Knowing full well that this could be the last go-round as a unit could have a galvanizing effect in the Playoffs for the Hornets.
4. What happens if Denver doesn't win?
If the Nuggets can't get out of the first round with everything on their side -- the home court, the healthy roster, the 8-2 record over their last 10 games -- you have to wonder if it will ever happen with this mix of personnel.
If they fizzle out as they did against the Lakers last season, expect wholesale changes with nobody on the roster (outside of maybe Billups) safe. Anthony already was dangled on the market last summer, and all of the goodwill built up for coach George Karl by supporters of his Coach of the Year candidacy won't save him if the Nuggets make it 0-for-6 in the first round since 2004.
5. Can anybody stop J.R. Smith?
Smith had a breakout season and was TNT analyst David Aldridge's pick for Most Improved Player after upping his averages to 15.4 points, 3.7 rebounds and 2.8 assists per game in his fifth season. Smith performed even better against the Hornets, averaging 21.3 points off the bench in the four meetings.

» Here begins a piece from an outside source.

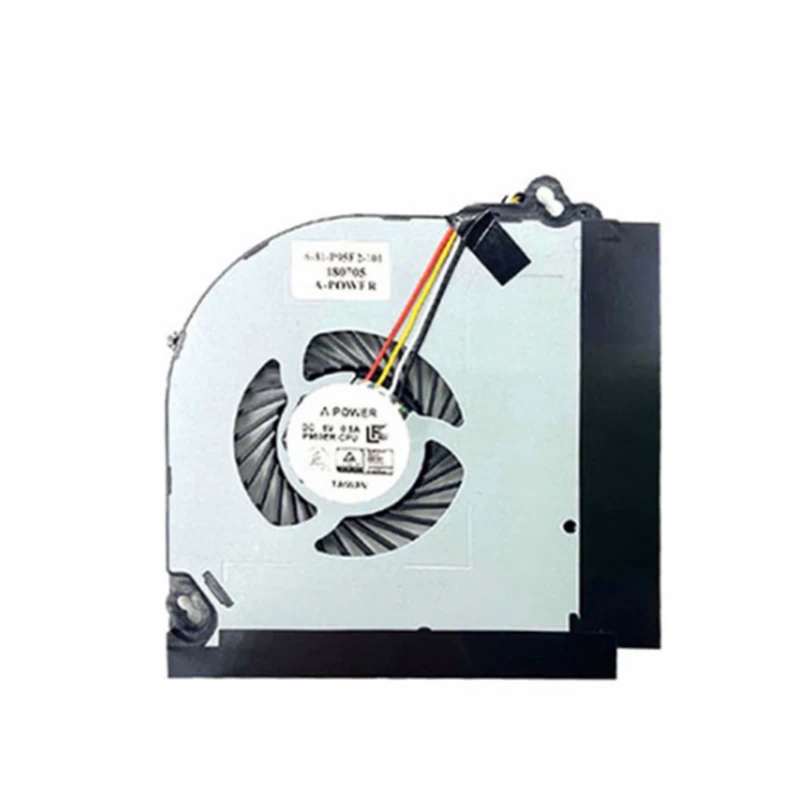 

Кулер для ноутбука Clevo P950 P950HR P950ER T97 T96E T800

With a prototypical guard's body (6-foot-6, 220 pounds) and incredible strength, speed and leaping ability, Smith has the ability to take over a game. Denver was 6-2 this season when he scored 25 points or more.
Posey will be Hornets coach Byron Scott's first option to put on Smith, followed by second-year wingman Julian Wright, who earned Scott's trust late in the season while filling in when injuries plagued the roster.
Nuggets in 6. Denver is at full strength while New Orleans appears to be a team on its last legs.